How many datoms are we talking about exactly?

Are these erroneous datoms causing any performance impacts or issues? Or is this just a mistake you’d like to clean up?

As you probably suspect, deletion is not exactly compatible with Datomic --having been designed to be immutable and accumulate only. In general, we do not recommend the use of excision to correct erroneous data. It was specifically designed to satisfy scenarios where you need to forget data for liability reasons. Mainly, The General Data Protection Regulation (GDPR) law in the EU.

If you do decide to excise you will want to keep a keen eye on the performance implications. Excision puts a substantial burden on background indexing. Large excisions can trigger indexing jobs whose execution time is proportional to the size of the entire database, leading to back pressure and reduced write availability. Try to avoid excising more than a few thousand datoms at a time on a live system.

An alternative approach would be to implement a process we have previously called “Decanting”, whereby you create an ETL job to re-transact the current DB into a new DB while filtering out the datoms you do not wish to be present. You can do this by using the transaction log to “replay” transactions into a new system. Effectively pouring the existing DB into a new DB. Required by this approach, is a need to maintain a mapping of entity relationships so that history is preserved in the new system. You would also likely need downtime to perform the final switchover and depending on the size of your DB it may be a poor fit performance wise.

If you decide that both of these approaches are not worth the operational overhead, I’d be happy to take a closer look at the situation in a support case. (or you can e-mail support@cognitect.com) Perhaps we can address any issues these unintentional Datoms are causing by performance tuning or schema alterations etc.

I think it’s potentially a lot of datoms.
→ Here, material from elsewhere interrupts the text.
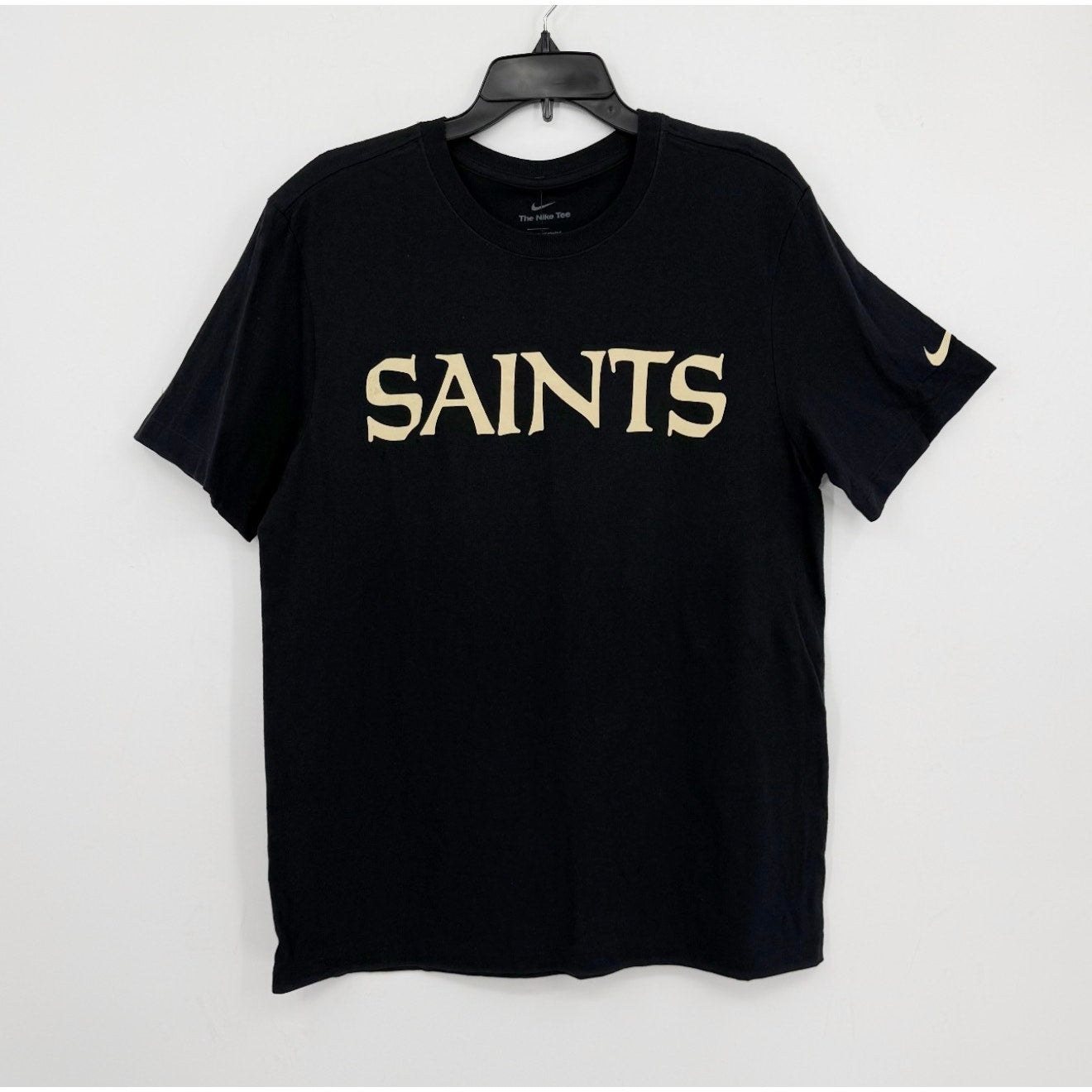 NIKE Mens New Orleans Saints Wordmark Essential T-Shirt Small Black NWT N199-00A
Possibly the majority of the 1.6 billion datoms currently in this database.

I’m attempting to count them all and was trying the following, I don’t know if this is correct or not:

(defn count-empty-txns
  [url & {:keys [batch-size stop-after] :or {batch-size 1000}}]
  (let [conn (d/connect url)
        log (d/log conn)
        db (d/db conn)
        total (volatile! 0)]
    (loop [tx-log (filter #(every? #{:db/txInstant :transactionData/requestId}
                                   (map (fn [datom] (d/ident db (:a datom))) (:data %)))
                          (d/tx-range log nil nil))]
      (let [batch (take batch-size tx-log)]
        (vswap! total + (count batch))
        (prn @total)
        (when (or (nil? stop-after) (< @total stop-after))
          (recur (rest tx-log)))))
    @total))

(This got to around 500M datoms before I killed it, which seems like it was not counting correctly)

I believe the act of transacting empty datoms was leading to problems (namely with indexing in Datomic running too frequently than it should be). So, the issue this is really causing is just storage utilization, which is not so much that it’s worrying me, but it is causing our backups to run long. We currently backup to S3, and every week “rotate” to a new object prefix, and have a bucket rule to delete older objects (this may not be a good idea – is there a better way to expire old backup values in S3?).

The “decanting” process sounds like it might be a good option, I might think that through more.